I am a pregzilla today! Every little thing has been making me cringe and want to scream! I'm thinking that the 5-6 hrs of sleep that I've been getting the last week or two has finally caught up to me. Tonight I have a Tylenol PM on the menu and bed by 9!
Anyone else finding that they have a pretty short fuse lately??
Re: Cranky
Me! I've had to apologize to Mr.MM a few times this past week because I've been a complete biitch.
Yeah but at least you are aware of it. I'm sure my friends and family appreciate it when I tell them I'm not going anywhere because I'm not very good company right now. The smallest things irritate the shiit out of me and I have to ask myself it it's a rational irritation or irrational.
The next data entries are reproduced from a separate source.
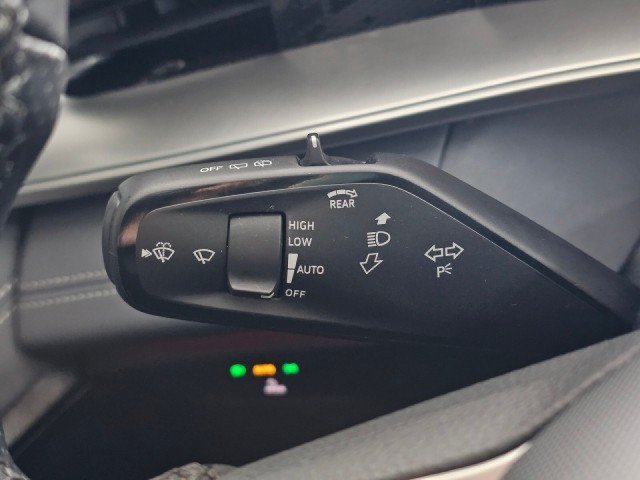 Used 2025 Volkswagen Tiguan SE R-Line AWD/4WD image 38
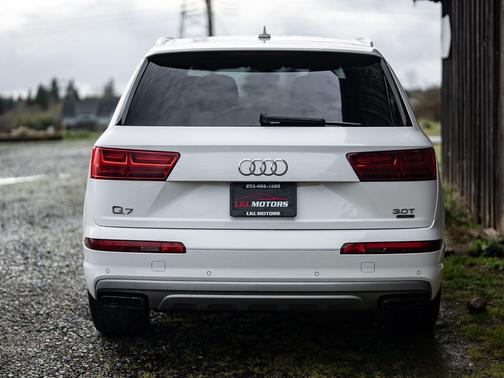 Carrara White 2018 Audi Q7 3.0T Premium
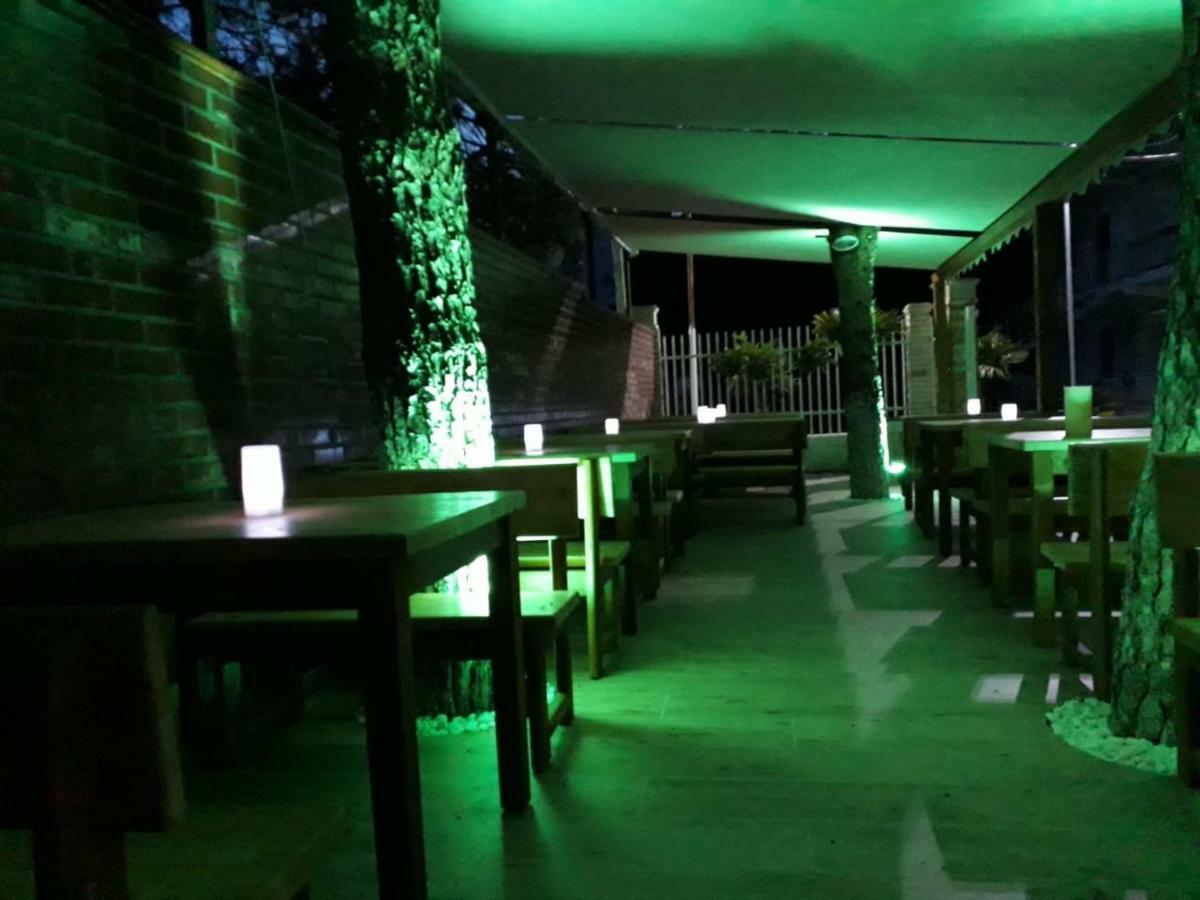 Hotel Otrant เวลิโปเยอ ภายนอก รูปภาพ
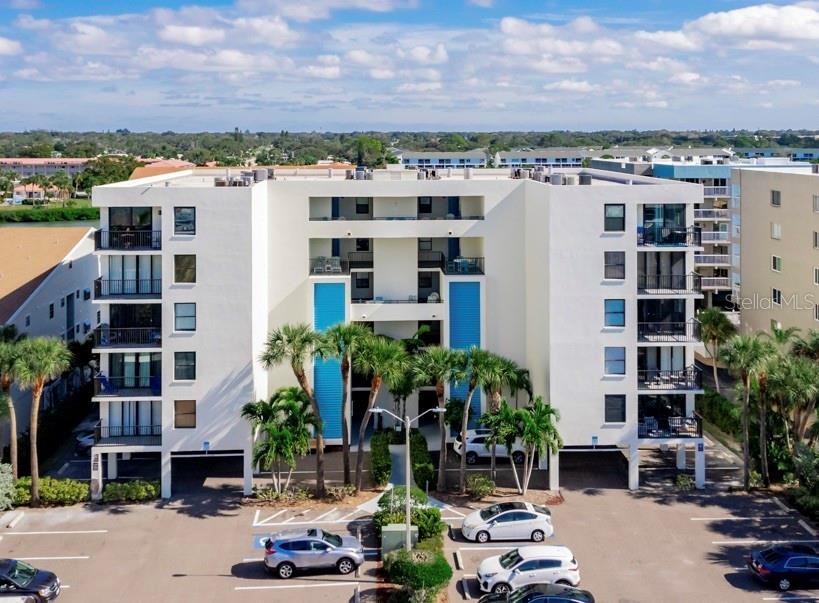FANTASTIC PRICE IMPROVEMENT! Turnkey unit ready to rent. Weekly - Beach Condo for sale in Indian Shores, Florida on Beachhouse.com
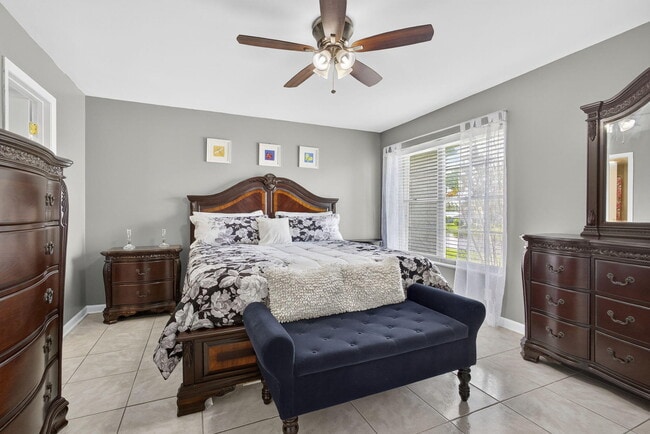 Building Photo - 12001 Poinciana Blvd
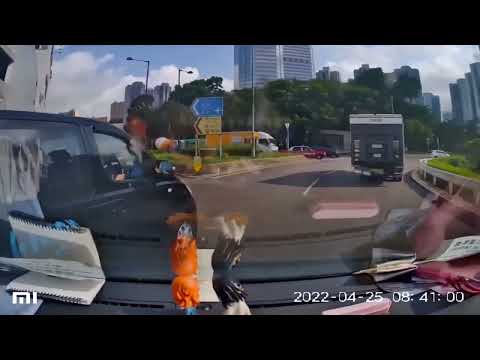 車CAM直擊 - 今早葵福路迴旋處兩貨van相撞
My fuse has been insanely short lately, especially this week. Luckily I have not taken it out on DH, but I think that is mainly because he is working so much and so late lately, that whenever I do see him I'm too happy to be in a bad mood. Everyone else though - particularly at work - is fair game. It's a huge part of the reason why I ended up staying home today. I totally broke down this morning due to how down and cranky I've been feeling, and DH convinced me that my mental well being was more important than sitting on interviews (one of the causes of my stress!!).
I've also been getting irrationally pissed of about really stupid things. For instance. I run the "sunshine committee" at work, and I decorate this bulletin board in our office every month. A week or so ago, someone took it upon themselves to take down something I had posted, and I was so livid. I knew it was irrational, but I just couldn't help it!
Same here! This week has been awful. I've either been on the verge of crying or ripping someone's hair out. I'm sure DH and my co-workers really love me right now!